Both I and the link agree with your opinion. However, it is hard to
fix all the guest images which have already been used by customers in
cloud environment, anyway, this patch supplies an alternative way to
work around by host admin.

Regards,
Wanpeng Li
Paolo Bonzini Feb. 26, 2018, 11:54 a.m. UTC | #12
On 26/02/2018 12:44, Borislav Petkov wrote:
>> The guest write is ignored as the original kvm implementation before the patch.
>
> That will never work because there's no virtualized microcode loader.
> Which will be a dumb idea anyway.
> 
> Goes to show that dealing with microcode revisions for a guest is the
> wrong approach.

I don't understand how one thing follows from the other.  How are writes
to 0x8B related to having a virtualized microcode loaded (which is a
concept that actually makes no sense at all)?

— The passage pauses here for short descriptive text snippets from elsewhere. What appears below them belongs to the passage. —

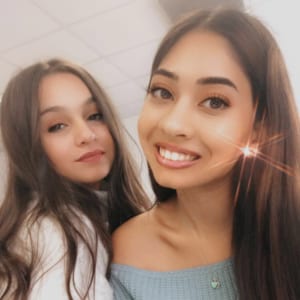 A person with long layered hair, wearing a lip gloss and a lipstick, is happily posing for a selfie with their friend, showcasing their bright smile, thick eyelashes, and beautiful irises.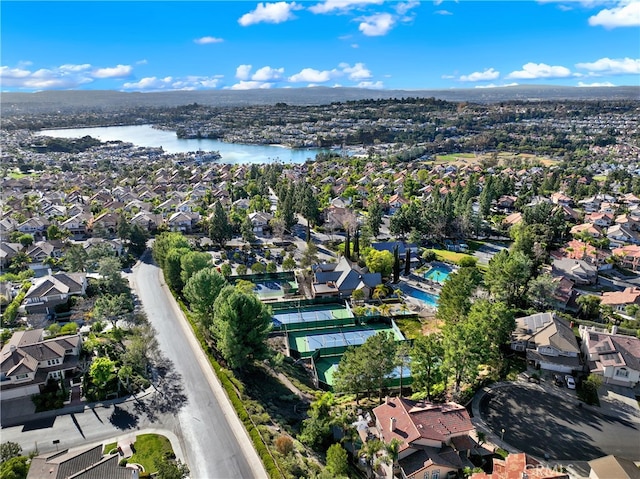 drone / aerial view featuring a water view and a residential view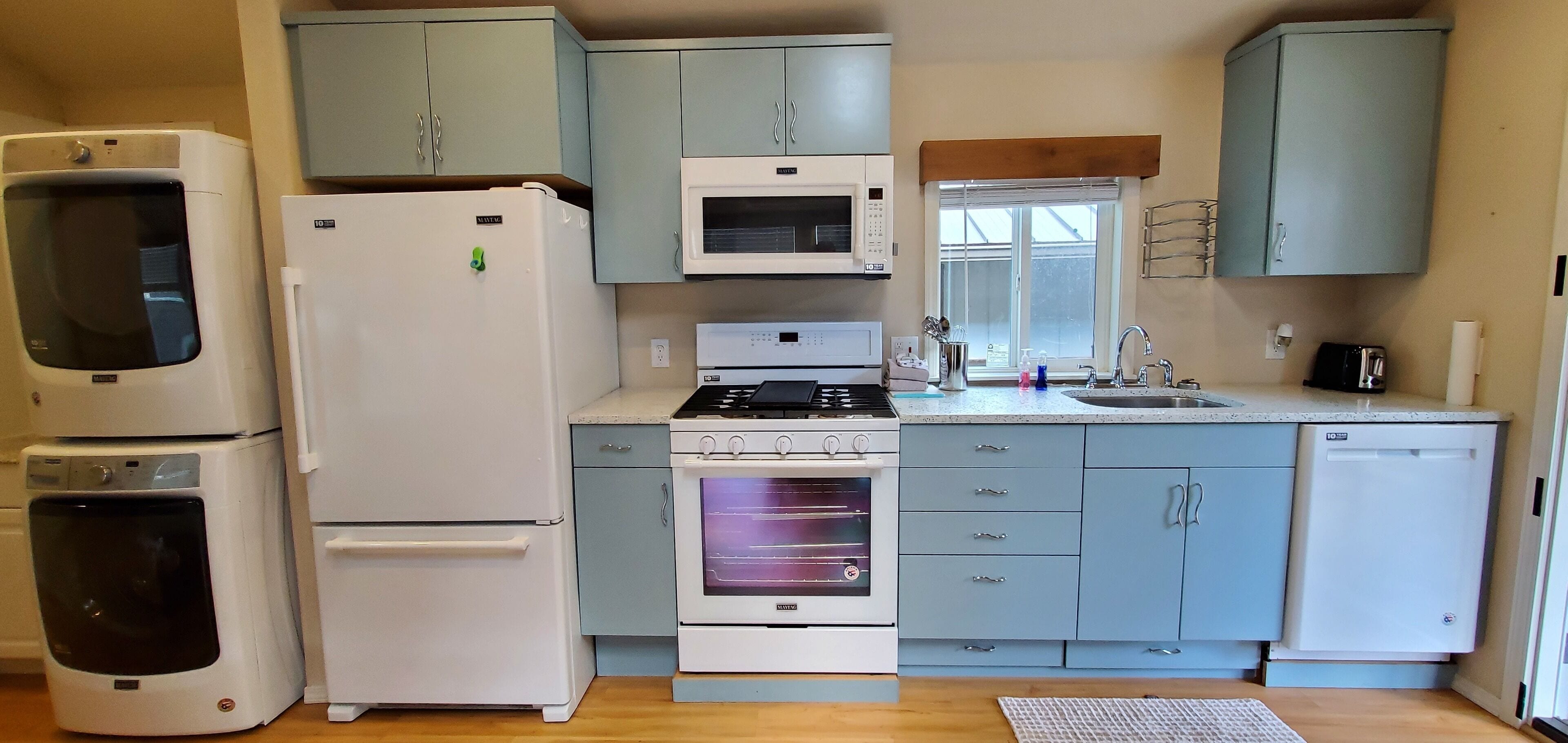 A compact kitchen with a refrigerator, microwave, stove, oven, and sink.
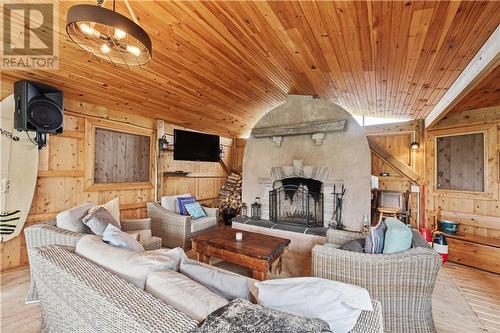 40 Albenie St, Grand-Barachois, NB - Indoor Photo Showing Living Room With Fireplace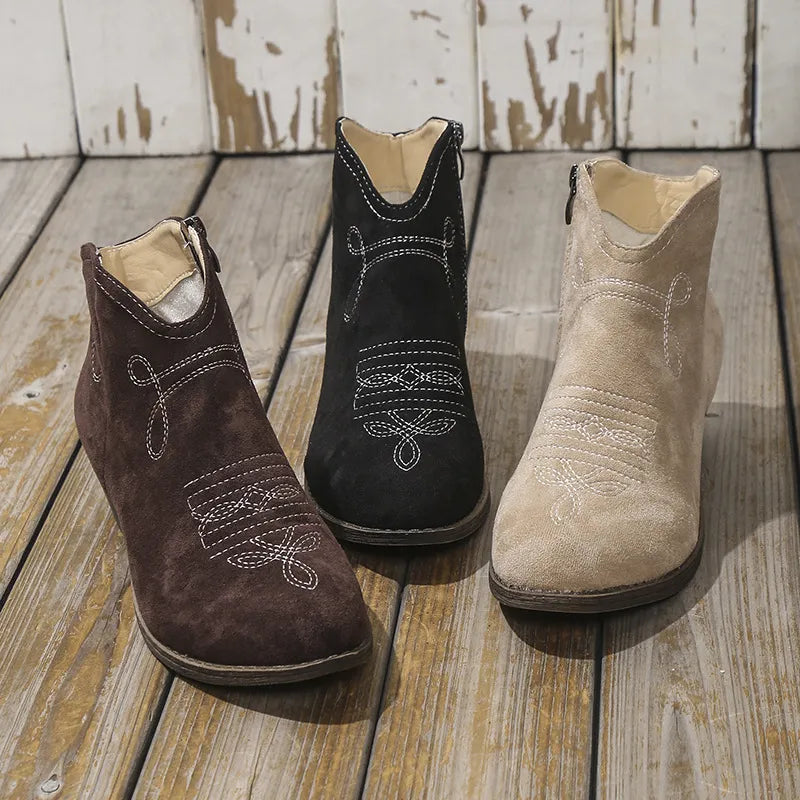 Embroidered suede western ankle boots in chocolate, black, and khaki with white stitching detail.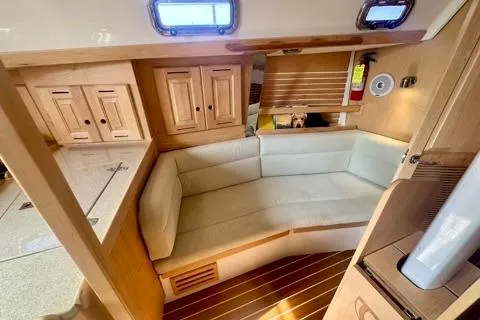 Blue Aweigh Yacht Photos Pics 2021 Tartan 345 yacht interior with cozy seating and wooden cabinetry.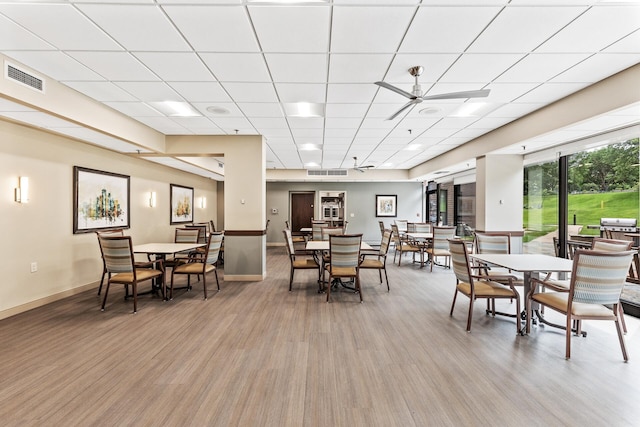 6615 Lake Shore Dr S Unit 900, Richfield, MN 55423 - dining room with light wood-style floors, a drop ceiling, and ceiling fan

> So that's basically what I'm saying - fix apic_check_deadline_errata()
> to check whether the kernel runs as a guest.

It has already been fixed for a few months, and fixing it is indeed the
right thing to do independent of this patch.

Paolo
Borislav Petkov Feb. 26, 2018, 12:15 p.m. UTC | #13
On Mon, Feb 26, 2018 at 12:54:52PM +0100, Paolo Bonzini wrote:
> I don't understand how one thing follows from the other.  How are writes
> to 0x8B related to having a virtualized microcode loaded (which is a
> concept that actually makes no sense at all)?

I'm questioning the whole idea. 0x8b is the MSR which gives you the
microcode revision. Most CPUs don't even allow writing to it, AFAICT.
(SDM says "may prevent writing" on VM transitions.)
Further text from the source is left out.